Die Liebe in den Zeiten des Internets

Wie sich internetinitiierte Bekanntschaften auf die Kommunikation der Liebe auswirken

Der folgende Beitrag ist vor 2021 erschienen. Unsere Redaktion hat seither ein neues Leitbild und redaktionelle Standards. Weitere Informationen finden Sie hier.

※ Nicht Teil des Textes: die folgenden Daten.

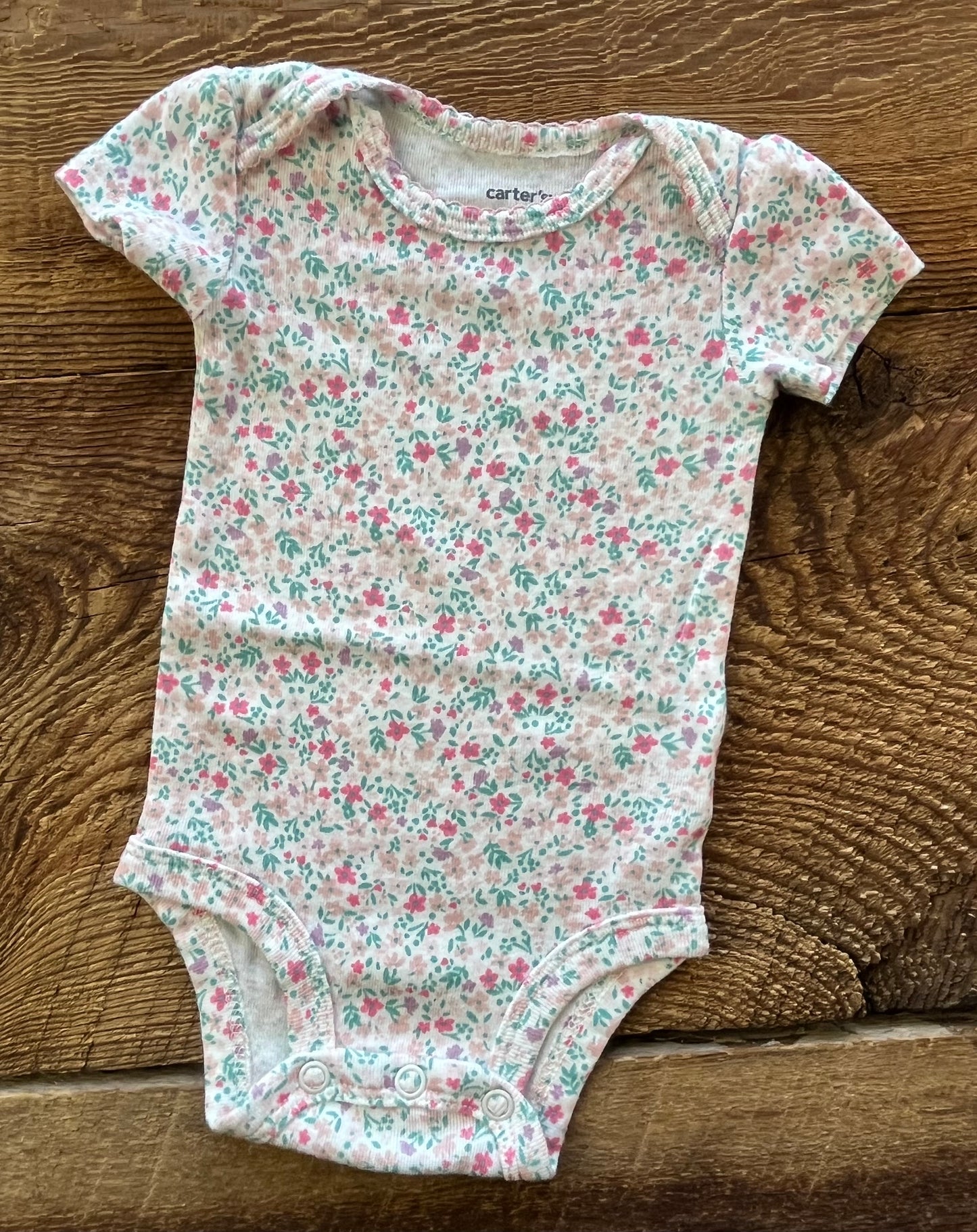 Carter’s NB Floral Onesie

"Die Liebe in den Zeiten der Cholera" (Gabriel García Márquez)1 stellt dieselbe paradigmatisch dar. Nahezu ein Leben lang wartet ein Liebender auf seine Geliebte, beobachtet sie, sucht ihre Nähe von Jugend an, nimmt selbst die langjährige eheliche Beziehung der Geliebten zu einem anderen liebend hin. Erst im hohen Alter, fast am Ende ihrer Leben, gelingt es dem Liebenden, aller Widerstände zum Trotz, mit seiner Geliebten tatsächlich zusammen zu kommen. Die vom Liebenden zwischenzeitlich erlebte Vielzahl von sexuellen Abenteuern stellt sich im Roman nicht (nur) als eskapistischer Zeitvertreib dar, sondern verdeutlicht, dass es dem Liebenden, demnach aller vorhanden Alternativen zum Trotz, immer nur auf "die Eine" ankam. Er zeitlebens seine Geliebte nicht nur nie in ihrer Individualität, ihrer spezifischen Weltsicht, ihrem Erleben aus dem Blick verloren hat, sondern sie fortwährend Richtschnur seines Handelns war.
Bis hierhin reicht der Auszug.